Wednesday, June 30, 2010

Bad day until...


Today was a rough day. The girls were just off I guess. From screaming to crying to disobeying. It was rough, one of those days that you want to crawl under a rock, then when I'm at my wits end one of the kids knock on your rock and say "Momma I love you" or " Mommy I am so happy your our mommy"....Did I hear that right? Your glad I'm your mommy after having to discipline you all day. Key the sweet music, and melting hearts you just made my day better. Thank you God I needed to hear that.

Training my way


I decided to train for the Tufts 10K in October. I missed running, every time I drove by someone running I always hear the little voice in my head saying that should be you.

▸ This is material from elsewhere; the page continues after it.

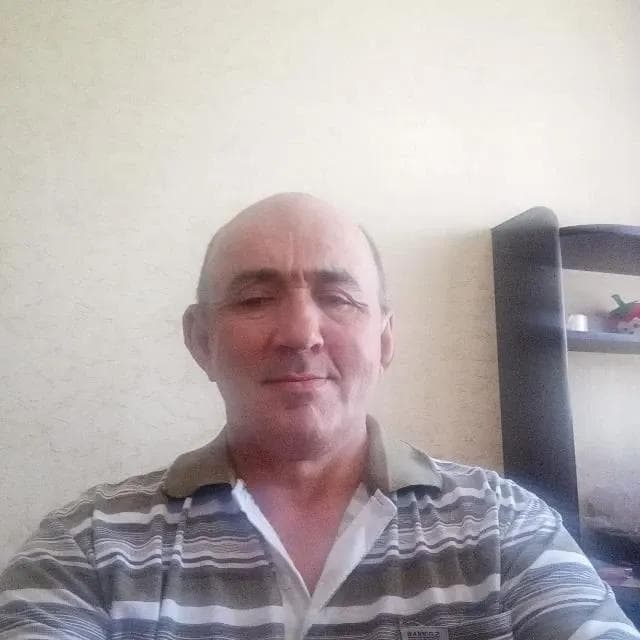 Володя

I have always loved running, but it has been a while. So I starting from the beginning. From walking to jog/running. I started on Monday and no kidding my legs are sore. I love that feeling though, I love soreness from running. So as of now I'm doing my training at night considering it's the only time I have. Hubby works long days and comes home late so it's after I get him fed and kids tucked in I go out and have mommy time. That's my favorite part, no guilt just me, my music, the road and God. I need it, I know not everyone needs that time but this momma does. I need to spend time doing something alone, free from thinking, disciplining, asking, telling, just improving mommy mentally and physically. I already know what I want for mother's day next year. I want to spend some time with my beautiful family but then I want to be able to run the Charles River. Every time I am in that area with hubby, I stare at the runners on the Charles and feel like my body is going to jump out and join them. So I am aiming for that run next May, but until then I will be running in Boston for the 10k and let me tell you this little chubby momma is excited.